Exercise input START

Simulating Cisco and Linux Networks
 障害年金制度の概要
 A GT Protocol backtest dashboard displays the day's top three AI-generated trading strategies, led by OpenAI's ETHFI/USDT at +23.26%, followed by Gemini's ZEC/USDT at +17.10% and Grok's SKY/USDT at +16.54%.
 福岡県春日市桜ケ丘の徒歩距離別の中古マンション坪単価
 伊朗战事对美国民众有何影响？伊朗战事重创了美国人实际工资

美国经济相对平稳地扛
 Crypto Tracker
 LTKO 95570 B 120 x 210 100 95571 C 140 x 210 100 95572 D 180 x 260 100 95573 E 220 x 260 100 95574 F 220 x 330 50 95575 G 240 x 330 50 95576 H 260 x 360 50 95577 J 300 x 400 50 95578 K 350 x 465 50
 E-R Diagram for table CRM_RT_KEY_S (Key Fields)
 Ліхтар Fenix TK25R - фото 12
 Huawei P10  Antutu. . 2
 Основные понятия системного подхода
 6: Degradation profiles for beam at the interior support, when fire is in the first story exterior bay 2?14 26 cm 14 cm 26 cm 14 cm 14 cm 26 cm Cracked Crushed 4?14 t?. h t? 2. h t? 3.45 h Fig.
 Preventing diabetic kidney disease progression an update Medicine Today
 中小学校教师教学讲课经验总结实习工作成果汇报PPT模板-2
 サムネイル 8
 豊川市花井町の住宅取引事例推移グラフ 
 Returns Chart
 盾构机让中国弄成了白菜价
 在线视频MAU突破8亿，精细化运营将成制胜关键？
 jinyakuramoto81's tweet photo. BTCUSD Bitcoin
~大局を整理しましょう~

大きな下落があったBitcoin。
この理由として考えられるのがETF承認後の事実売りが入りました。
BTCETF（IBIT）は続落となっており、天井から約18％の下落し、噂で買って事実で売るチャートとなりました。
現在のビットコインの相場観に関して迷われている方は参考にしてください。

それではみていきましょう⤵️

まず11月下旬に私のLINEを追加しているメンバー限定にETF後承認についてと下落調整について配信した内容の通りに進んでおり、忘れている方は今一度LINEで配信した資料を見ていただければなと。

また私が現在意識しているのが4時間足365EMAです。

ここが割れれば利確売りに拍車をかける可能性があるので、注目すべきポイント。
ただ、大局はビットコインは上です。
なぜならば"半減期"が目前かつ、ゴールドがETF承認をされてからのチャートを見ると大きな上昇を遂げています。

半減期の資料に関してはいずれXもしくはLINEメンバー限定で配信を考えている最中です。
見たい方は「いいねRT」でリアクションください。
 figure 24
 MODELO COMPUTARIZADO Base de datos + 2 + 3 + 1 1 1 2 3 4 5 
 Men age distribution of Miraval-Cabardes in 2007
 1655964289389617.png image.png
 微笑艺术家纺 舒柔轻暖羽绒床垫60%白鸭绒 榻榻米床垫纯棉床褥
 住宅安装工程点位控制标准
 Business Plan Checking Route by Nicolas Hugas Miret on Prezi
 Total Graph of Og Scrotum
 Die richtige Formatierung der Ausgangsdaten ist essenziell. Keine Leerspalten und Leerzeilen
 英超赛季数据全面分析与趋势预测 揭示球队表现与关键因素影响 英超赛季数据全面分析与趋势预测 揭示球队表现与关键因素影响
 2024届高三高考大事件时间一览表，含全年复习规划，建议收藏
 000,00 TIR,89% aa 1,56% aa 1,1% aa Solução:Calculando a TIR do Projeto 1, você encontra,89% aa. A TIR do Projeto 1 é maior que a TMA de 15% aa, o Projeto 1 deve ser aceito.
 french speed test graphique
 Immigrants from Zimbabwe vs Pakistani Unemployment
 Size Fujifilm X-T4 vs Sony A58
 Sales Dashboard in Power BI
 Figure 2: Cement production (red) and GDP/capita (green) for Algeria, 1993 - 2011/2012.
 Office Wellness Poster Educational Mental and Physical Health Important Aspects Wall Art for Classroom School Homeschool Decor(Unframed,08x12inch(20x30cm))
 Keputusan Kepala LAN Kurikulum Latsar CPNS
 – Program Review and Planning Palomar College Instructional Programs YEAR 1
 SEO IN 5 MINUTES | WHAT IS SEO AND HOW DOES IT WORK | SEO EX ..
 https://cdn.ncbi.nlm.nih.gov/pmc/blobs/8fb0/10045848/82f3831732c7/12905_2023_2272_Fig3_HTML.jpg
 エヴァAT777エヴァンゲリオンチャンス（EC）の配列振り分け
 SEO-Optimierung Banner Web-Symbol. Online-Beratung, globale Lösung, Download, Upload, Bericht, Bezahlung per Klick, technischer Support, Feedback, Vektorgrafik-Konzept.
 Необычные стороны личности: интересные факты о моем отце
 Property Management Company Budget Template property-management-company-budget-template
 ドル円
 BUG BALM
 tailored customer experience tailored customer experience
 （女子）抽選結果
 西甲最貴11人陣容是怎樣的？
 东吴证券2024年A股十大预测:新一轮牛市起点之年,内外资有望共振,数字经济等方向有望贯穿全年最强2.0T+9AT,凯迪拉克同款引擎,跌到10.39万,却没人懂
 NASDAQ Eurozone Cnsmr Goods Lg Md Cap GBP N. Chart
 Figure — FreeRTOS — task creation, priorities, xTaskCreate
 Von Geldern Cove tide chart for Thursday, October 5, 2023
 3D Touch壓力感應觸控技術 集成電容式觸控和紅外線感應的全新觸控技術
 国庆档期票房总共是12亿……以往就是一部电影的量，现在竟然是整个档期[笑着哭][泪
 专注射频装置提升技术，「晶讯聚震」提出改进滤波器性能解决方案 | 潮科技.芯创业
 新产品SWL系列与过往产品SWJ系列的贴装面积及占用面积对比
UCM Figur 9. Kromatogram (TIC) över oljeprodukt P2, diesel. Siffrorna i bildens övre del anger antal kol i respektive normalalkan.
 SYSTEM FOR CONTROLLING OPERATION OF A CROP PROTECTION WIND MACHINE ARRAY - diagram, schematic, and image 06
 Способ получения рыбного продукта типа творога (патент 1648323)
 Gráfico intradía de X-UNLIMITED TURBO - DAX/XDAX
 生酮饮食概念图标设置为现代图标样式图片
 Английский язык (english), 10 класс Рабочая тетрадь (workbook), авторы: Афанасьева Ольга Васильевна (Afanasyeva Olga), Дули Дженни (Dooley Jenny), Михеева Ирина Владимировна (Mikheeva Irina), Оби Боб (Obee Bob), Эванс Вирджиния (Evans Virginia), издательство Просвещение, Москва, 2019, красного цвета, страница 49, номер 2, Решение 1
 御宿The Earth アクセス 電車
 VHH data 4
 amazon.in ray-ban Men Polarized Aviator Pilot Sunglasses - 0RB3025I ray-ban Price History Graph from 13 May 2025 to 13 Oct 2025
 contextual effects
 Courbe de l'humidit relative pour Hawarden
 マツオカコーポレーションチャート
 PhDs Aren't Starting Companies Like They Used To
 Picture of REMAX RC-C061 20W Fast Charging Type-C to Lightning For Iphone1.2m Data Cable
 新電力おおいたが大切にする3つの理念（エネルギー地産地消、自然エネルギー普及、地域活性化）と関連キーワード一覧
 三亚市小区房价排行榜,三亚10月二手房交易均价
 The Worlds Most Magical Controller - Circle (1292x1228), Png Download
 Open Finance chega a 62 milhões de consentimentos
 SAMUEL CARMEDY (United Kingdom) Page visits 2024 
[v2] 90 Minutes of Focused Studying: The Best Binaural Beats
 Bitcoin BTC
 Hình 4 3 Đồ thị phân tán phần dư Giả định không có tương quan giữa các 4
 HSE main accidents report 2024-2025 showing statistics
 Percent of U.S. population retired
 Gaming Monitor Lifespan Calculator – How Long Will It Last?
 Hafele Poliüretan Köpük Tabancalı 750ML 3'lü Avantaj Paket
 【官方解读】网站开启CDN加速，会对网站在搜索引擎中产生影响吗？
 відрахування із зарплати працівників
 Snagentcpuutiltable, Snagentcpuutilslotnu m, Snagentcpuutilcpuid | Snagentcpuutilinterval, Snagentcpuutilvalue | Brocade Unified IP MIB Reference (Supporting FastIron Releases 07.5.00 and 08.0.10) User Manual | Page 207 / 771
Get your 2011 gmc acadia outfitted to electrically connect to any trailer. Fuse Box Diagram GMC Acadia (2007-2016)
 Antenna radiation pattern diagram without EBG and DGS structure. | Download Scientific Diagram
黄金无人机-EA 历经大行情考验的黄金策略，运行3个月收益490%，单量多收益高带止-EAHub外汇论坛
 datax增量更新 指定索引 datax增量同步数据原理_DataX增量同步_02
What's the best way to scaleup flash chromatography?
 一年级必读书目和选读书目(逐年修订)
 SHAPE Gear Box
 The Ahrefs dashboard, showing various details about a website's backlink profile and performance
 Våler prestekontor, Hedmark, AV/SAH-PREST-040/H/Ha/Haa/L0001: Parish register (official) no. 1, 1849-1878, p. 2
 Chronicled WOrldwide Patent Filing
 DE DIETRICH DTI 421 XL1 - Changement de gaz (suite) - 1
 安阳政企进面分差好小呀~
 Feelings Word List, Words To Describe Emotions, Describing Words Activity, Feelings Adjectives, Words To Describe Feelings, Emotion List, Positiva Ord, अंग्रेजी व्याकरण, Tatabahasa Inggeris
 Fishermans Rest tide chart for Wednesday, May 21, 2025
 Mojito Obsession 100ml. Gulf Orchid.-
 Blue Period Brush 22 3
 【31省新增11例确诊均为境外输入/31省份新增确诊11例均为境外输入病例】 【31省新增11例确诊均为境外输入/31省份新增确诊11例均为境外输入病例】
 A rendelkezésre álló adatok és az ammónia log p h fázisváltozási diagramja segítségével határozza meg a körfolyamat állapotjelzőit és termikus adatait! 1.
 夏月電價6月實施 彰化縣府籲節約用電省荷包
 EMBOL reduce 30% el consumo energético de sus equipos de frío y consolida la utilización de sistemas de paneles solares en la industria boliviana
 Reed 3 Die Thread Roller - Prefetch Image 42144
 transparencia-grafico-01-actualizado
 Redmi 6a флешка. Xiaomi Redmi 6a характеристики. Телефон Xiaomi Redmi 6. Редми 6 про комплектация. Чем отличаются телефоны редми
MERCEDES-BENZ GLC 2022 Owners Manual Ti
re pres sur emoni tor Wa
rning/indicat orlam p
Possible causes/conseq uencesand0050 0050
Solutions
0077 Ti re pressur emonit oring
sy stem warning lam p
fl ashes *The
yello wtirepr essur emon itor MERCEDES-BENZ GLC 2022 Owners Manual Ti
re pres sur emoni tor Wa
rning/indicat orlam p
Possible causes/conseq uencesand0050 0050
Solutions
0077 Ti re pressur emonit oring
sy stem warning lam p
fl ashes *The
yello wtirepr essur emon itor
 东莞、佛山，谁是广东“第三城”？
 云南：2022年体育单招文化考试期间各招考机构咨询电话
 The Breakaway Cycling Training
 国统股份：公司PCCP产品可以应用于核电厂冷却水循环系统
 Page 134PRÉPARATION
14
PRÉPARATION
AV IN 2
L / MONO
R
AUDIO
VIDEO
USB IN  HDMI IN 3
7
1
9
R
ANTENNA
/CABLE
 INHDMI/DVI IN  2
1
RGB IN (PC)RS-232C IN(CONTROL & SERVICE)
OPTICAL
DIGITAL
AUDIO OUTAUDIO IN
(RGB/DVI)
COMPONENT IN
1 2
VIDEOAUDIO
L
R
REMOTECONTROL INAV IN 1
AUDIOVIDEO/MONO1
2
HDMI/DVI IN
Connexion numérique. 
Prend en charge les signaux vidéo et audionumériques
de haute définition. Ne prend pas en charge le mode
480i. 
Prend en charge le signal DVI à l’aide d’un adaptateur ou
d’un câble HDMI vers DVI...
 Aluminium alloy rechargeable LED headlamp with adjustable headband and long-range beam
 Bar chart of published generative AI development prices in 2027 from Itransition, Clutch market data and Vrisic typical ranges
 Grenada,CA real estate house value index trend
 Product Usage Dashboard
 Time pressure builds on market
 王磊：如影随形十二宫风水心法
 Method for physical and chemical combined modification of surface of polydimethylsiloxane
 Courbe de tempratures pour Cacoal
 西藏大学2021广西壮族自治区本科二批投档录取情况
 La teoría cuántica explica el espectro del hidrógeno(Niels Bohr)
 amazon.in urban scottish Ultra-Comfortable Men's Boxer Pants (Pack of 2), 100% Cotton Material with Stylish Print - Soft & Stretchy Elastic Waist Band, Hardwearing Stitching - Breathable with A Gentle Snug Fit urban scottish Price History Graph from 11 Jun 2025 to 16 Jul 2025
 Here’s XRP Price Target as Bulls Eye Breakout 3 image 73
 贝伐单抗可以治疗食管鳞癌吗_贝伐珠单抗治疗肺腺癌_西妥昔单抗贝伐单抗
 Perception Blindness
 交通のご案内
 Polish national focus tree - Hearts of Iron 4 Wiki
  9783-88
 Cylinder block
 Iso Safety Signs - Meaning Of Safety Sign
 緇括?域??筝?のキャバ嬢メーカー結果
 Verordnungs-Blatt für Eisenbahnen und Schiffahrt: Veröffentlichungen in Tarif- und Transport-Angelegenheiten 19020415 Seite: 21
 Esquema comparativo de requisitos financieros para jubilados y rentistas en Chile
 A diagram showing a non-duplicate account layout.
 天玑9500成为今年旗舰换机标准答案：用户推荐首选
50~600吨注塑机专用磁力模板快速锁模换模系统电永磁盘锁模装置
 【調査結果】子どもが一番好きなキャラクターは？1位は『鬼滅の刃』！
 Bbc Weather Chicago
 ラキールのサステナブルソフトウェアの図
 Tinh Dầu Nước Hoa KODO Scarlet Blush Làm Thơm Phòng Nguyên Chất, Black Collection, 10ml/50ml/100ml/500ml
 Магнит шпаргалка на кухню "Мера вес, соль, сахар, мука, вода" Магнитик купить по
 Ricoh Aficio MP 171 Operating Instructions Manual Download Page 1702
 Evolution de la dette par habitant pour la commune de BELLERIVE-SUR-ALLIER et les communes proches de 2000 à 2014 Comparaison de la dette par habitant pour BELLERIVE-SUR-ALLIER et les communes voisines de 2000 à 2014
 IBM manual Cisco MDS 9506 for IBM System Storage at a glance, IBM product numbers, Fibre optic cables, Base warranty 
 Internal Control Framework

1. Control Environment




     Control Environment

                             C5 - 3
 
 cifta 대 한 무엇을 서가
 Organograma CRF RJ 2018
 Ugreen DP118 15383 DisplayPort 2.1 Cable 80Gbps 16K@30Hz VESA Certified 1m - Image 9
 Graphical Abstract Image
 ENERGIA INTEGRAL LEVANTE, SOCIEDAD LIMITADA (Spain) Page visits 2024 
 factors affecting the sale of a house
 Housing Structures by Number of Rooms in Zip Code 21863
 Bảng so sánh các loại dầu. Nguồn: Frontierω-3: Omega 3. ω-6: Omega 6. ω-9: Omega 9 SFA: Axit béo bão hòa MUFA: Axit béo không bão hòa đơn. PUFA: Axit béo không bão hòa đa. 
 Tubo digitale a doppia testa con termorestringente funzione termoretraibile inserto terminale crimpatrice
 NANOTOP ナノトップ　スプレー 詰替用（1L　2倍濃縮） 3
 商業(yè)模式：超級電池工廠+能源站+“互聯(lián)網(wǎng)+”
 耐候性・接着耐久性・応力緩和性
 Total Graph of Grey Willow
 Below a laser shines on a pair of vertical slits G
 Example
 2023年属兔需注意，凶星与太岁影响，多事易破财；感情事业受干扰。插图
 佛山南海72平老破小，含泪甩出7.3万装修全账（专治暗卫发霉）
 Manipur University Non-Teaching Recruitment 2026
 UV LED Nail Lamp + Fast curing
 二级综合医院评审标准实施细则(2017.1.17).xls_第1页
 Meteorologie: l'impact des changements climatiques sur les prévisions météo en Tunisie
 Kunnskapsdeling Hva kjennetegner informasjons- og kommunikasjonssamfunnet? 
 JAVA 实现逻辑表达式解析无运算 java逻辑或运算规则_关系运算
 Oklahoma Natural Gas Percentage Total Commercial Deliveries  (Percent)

Exercise input END

Exercise:
Write out the listing exactly from its first line to the line containing "Preventing diabetic kidney". Both of those lines belong in the answer.

Solution for this problem:
Simulating Cisco and Linux Networks
 障害年金制度の概要
 A GT Protocol backtest dashboard displays the day's top three AI-generated trading strategies, led by OpenAI's ETHFI/USDT at +23.26%, followed by Gemini's ZEC/USDT at +17.10% and Grok's SKY/USDT at +16.54%.
 福岡県春日市桜ケ丘の徒歩距離別の中古マンション坪単価
 伊朗战事对美国民众有何影响？伊朗战事重创了美国人实际工资

美国经济相对平稳地扛
 Crypto Tracker
 LTKO 95570 B 120 x 210 100 95571 C 140 x 210 100 95572 D 180 x 260 100 95573 E 220 x 260 100 95574 F 220 x 330 50 95575 G 240 x 330 50 95576 H 260 x 360 50 95577 J 300 x 400 50 95578 K 350 x 465 50
 E-R Diagram for table CRM_RT_KEY_S (Key Fields)
 Ліхтар Fenix TK25R - фото 12
 Huawei P10  Antutu. . 2
 Основные понятия системного подхода
 6: Degradation profiles for beam at the interior support, when fire is in the first story exterior bay 2?14 26 cm 14 cm 26 cm 14 cm 14 cm 26 cm Cracked Crushed 4?14 t?. h t? 2. h t? 3.45 h Fig.
 Preventing diabetic kidney disease progression an update Medicine Today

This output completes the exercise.